One of the factors that results in important operational difference between different vacuum evaporators is the type of technology used to heat the effluent to be evaporated, an aspect that also affects operating costs. Thus, we can find:
1. Heat pump vacuum evaporators
Operation of this system is based on the refrigeration cycle of gas contained in a closed loop. The refrigeration gas is compressed by a compressor, as a result of which its temperature and pressure increase. It then circulates through the heat exchanger of the evaporator itself, heating the feed. As the system operates under vacuum, the boiling temperature is around 40 ºC. The refrigeration liquid leaves the evaporator’s exchanger and is decompressed and cooled using an expansion valve. Passage through a second heat exchanger (the condenser) causes the vapor formed in the evaporator to condense and its temperature to increase immediately prior to passing through the compressor again, thus repeating the cycle. The same refrigeration fluid allows the feed to be evaporated and the vapor generated to be condensed, therefore the system does not require any other heating or refrigeration source. This means that the process is highly advantageous from an economic and management viewpoint.
It is an ideal technology for treating not particularly high flows of corrosive, scale-producing, or viscous liquids. Its operation typically requires an energy consumption of 130-170 kWh per cubic meter distillate.

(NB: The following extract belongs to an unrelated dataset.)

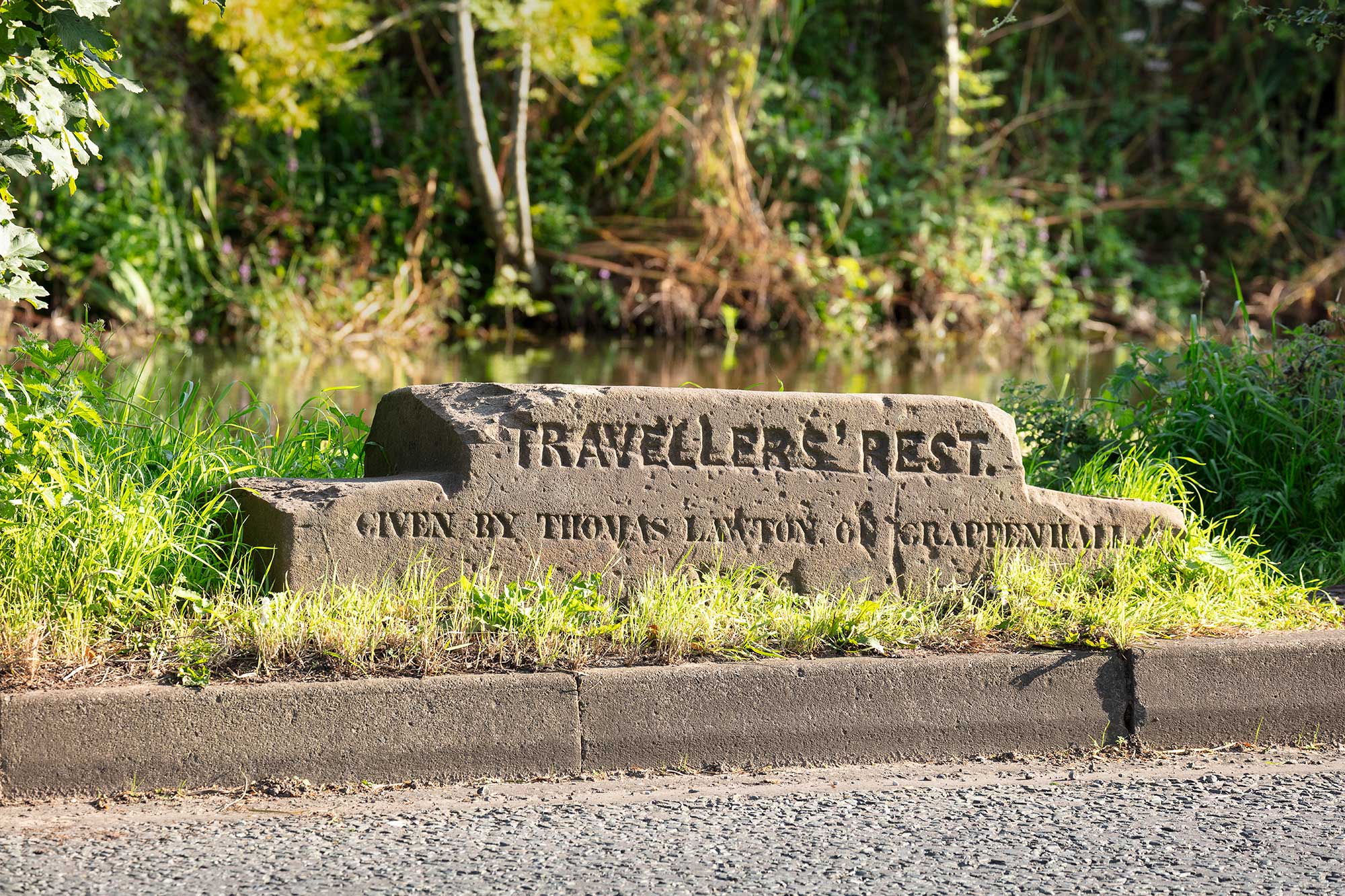 Stepped stone slab with the inscription 'Travellers' Rest / given by Thomas Lawton of Grappenhall / 1859'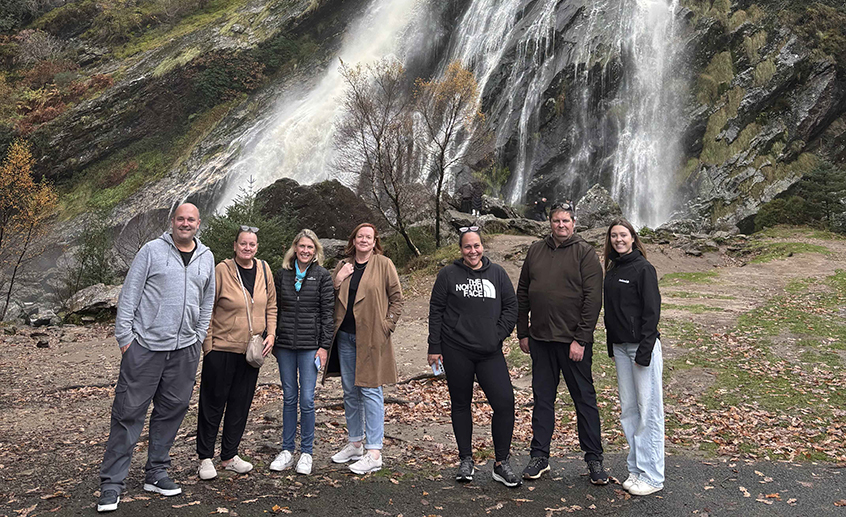 A group of six people standing outdoors in front of a waterfall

2. Mechanical vapor recompression vacuum evaporators
This technology is based on recovery of the heat of condensation of the distillate as a heat source for evaporating the feed. To this end, the temperature of the vapor generated upon evaporation is increased by mechanical compression. Upon passing through the exchanger of the evaporator itself, this compressed, and therefore superheated, vapor has two effects: (1) it heats the liquid to be evaporated and (2) it condenses, thereby reducing the need for a refrigeration fluid.
It is a very efficient and competitive evaporation system, with an energy consumption of around 50-60 kWh per cubic meter of distillate obtained.
3. Multiple-effect vacuum evaporators
This technology comprises a series of mutually connected evaporators in which the vacuum steadily increases from first to last. This means that, in principle, the boiling temperature decreases, thus allowing the vapor generated in an evaporator (or effect) to be used as heating fluid in the following effect.
Its main advantage with respect to a single evaporator is the saving in both heating fluid and refrigeration fluid. This is one of the economically most competitive options for treating high flows.
In summary, vacuum evaporation allows the treatment of flows which, as a result of their composition, characteristics, or management complexity, cannot be treated using conventional physicochemical techniques. In addition, with a reduced energy consumption, this technique allows the volume of waste generated to be significantly reduced, a significant flow of water to be recovered for reuse, and the implementation of a zero-waste system with readily assumable economic cost.
Although these systems are simple to operate, it is essential that the choice and design of the most suitable equipment for specific needs is performed by a team of experts in this technology.